Experts suggest weak rhetoric could embolden China

Chinese Paramilitary policemen take part in an anti-terrorism exercise involving local police, paramilitary and militia forces / AP
July 24, 2013

Lawmakers and national security experts Wednesday pressed the Obama administration to clarify its "rebalancing" to Asia and the Pacific amid continued territorial disputes and arms buildups in the region.

Experts argued before the House Armed Services Committee that the United States should provide a stabilizing presence in the region to reassure allies increasingly alarmed by Chinese territorial encroachments on islands in the East and South China Seas. Recent revelations that China could conduct submarine operations with nuclear-tipped missiles far from its shores for the first time next year has also stoked tensions with other regional powers like Japan.

A bipartisan group of lawmakers on the committee also wrote a letter to the administration calling for newly appointed National Security Adviser Susan Rice to conduct a strategy review of the Asia-Pacific pivot.

Michael Auslin, director of Japan studies at the American Enterprise Institute, pointed out that the United States has already committed 325,000 troops and more than 50 percent of its naval forces to the region. The concerns of regional allies are less about military support than "rhetorical slippage" fueling uncertainty and an arms race to fill the security vacuum, he said.

"If there were no questions [about security] then I don’t think you would see these nations buy as many of these sophisticated strategic weapons," he said.

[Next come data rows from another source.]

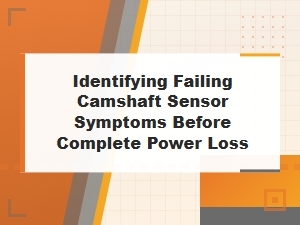 Key Signs of a Failing Camshaft Sensor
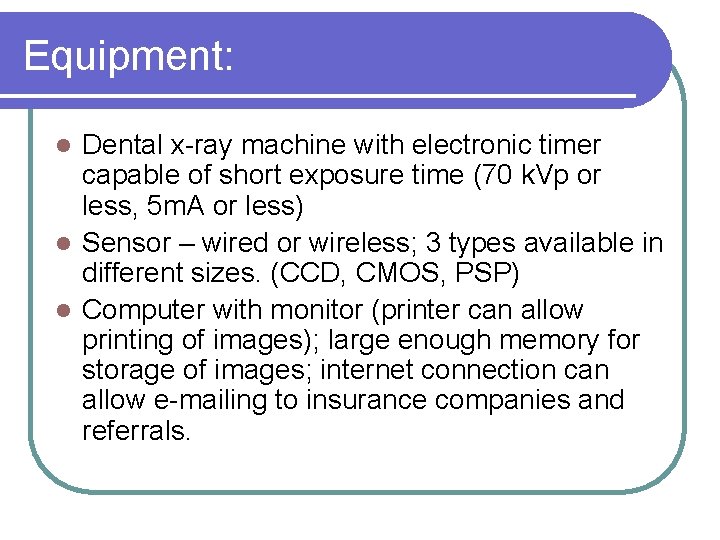 Equipment: Dental x-ray machine with electronic timer capable of short exposure time (70 k.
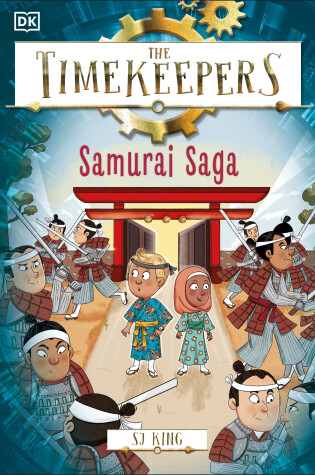 Cover of The Timekeepers: Samurai Saga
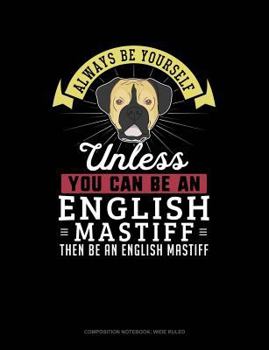 Paperback Always Be Yourself Unless You Can Be an English Mastiff Then Be an English Mastiff: Composition Notebook: Wide Ruled Book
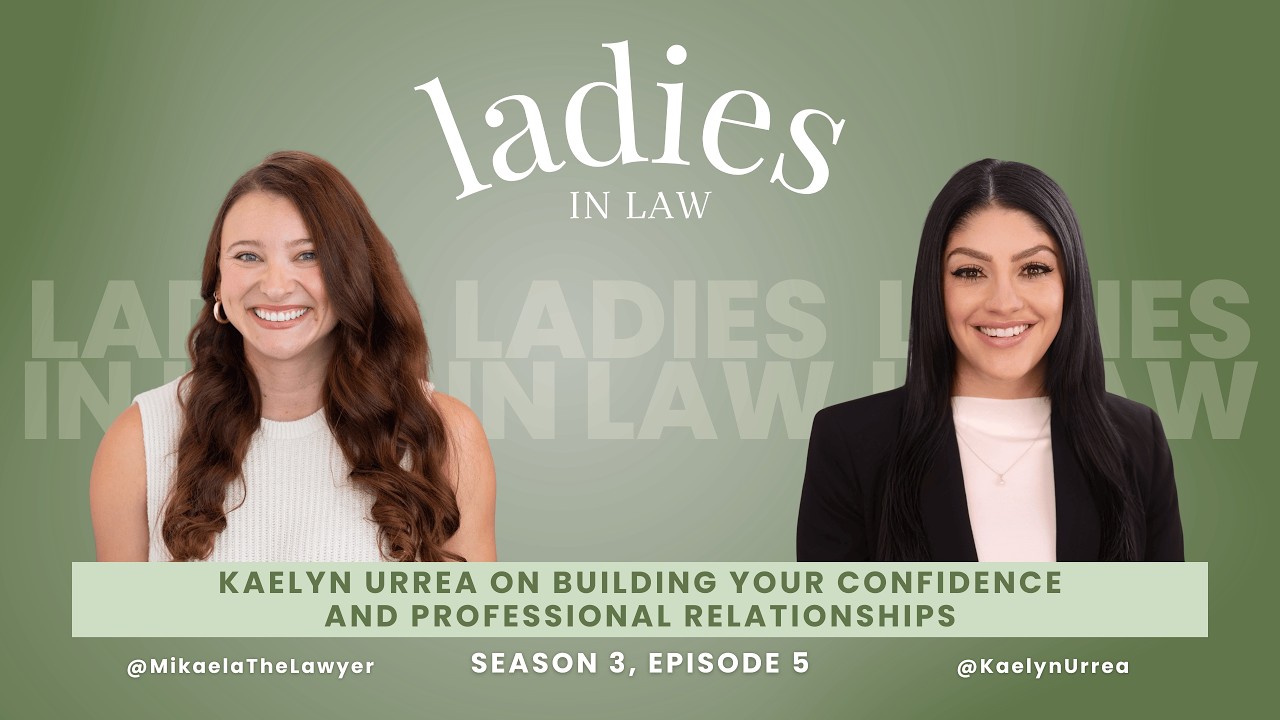 Kaelyn Urrea on Building Your Confidence and Professional Relationships!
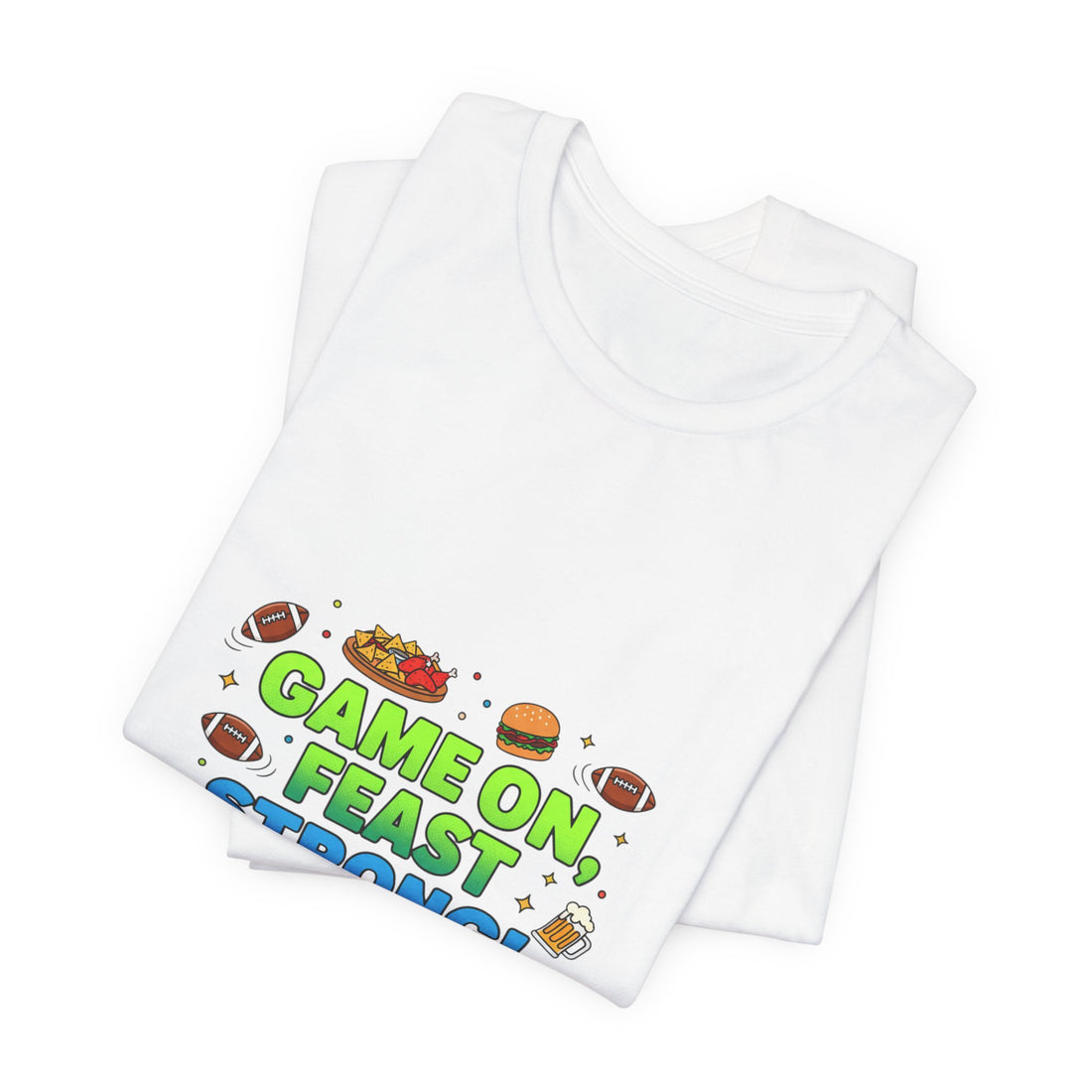 Game On Feast Strong Tee | Super Bowl Party, Game Day Humor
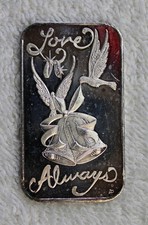 LOVE ALWAYS ~ 1 OZT .999 FINE SILVER ~ MADISON MINT ~ SCARCE 83.00 per troy oz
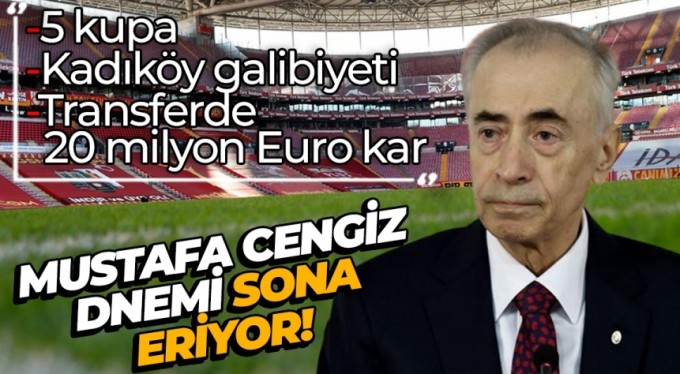 Galatasaray'da Mustafa Cengiz dönemi sona eriyor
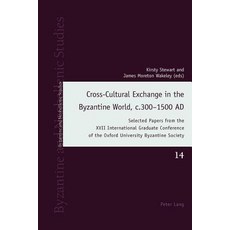 Cross-Cultural Exchange in the Byzantine World C.300-1500 Ad: Selected Papers from the XVII..., Peter Lang Gmbh, Internationaler Verlag Der W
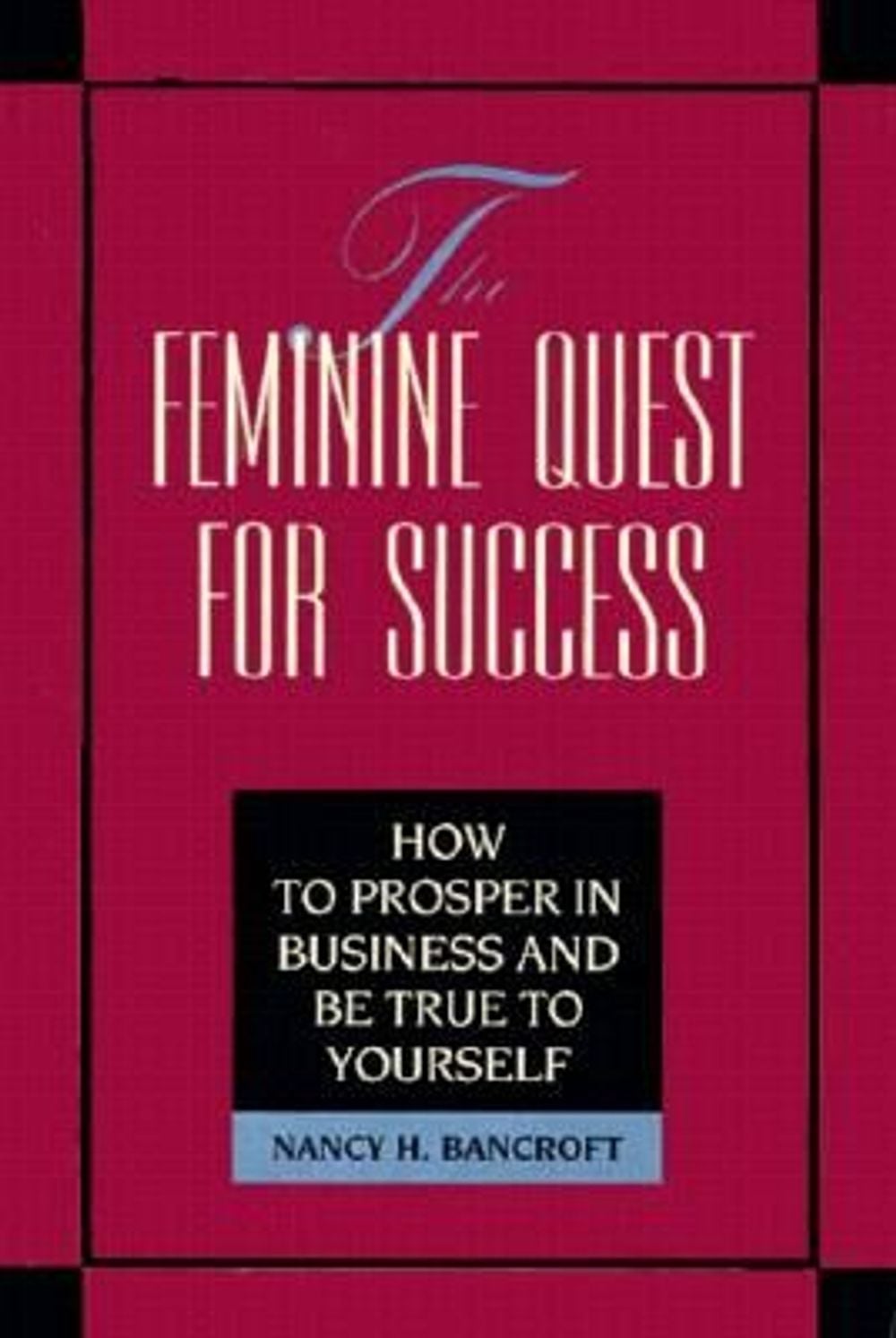 The Feminine Quest for Success by Nancy Bancroft - ISBN: 9781881052623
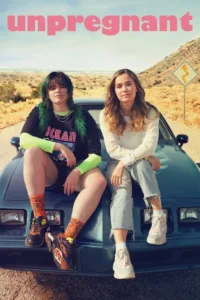 مشاهدة فيلم Unpregnant (2020) مترجم 2020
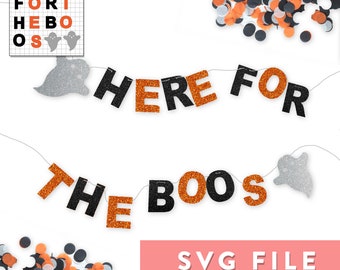 SVG File: Halloween "Here for the Boos" Letter Banner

The administration could still take several actions to further articulate its strategy and assist countries in the Asia-Pacific region despite its initial force commitments, said retired Admiral Gary Roughead, a visiting fellow with the Hoover Institution. He suggested improving communications and sea-to-air capabilities to cover the "vastness" of the Asia-Pacific region.

"Our objective must be to maintain that stability and to not let one nation dominate all of Asia. To do that, we must maintain American influence and credibility," he said.

That objective could be complicated by military budget cuts from sequestration that will cleave $52 billion from the defense budget later this year and about $1 trillion over the next decade. James Shinn, a Princeton engineering professor, called the announcement of a rebalancing strategy without the specification or application of resources a "bad idea."

Roughead, who recently visited the region, added that China is awaiting the administration’s next move.

"Our defense budgets are watched more closely in Asia than they are watched on the American street," he said.

"The actions are going to speak louder than any words going forward."

While the focus in the region tends to gravitate toward China, Auslin said efforts to expand diplomatic and economic relations with countries including China and others also more merit more attention.

"The more we focus on China, at times we do miss the broader question, ‘Why are we there?’ It’s because it helps us and it helps the people of Asia," he said.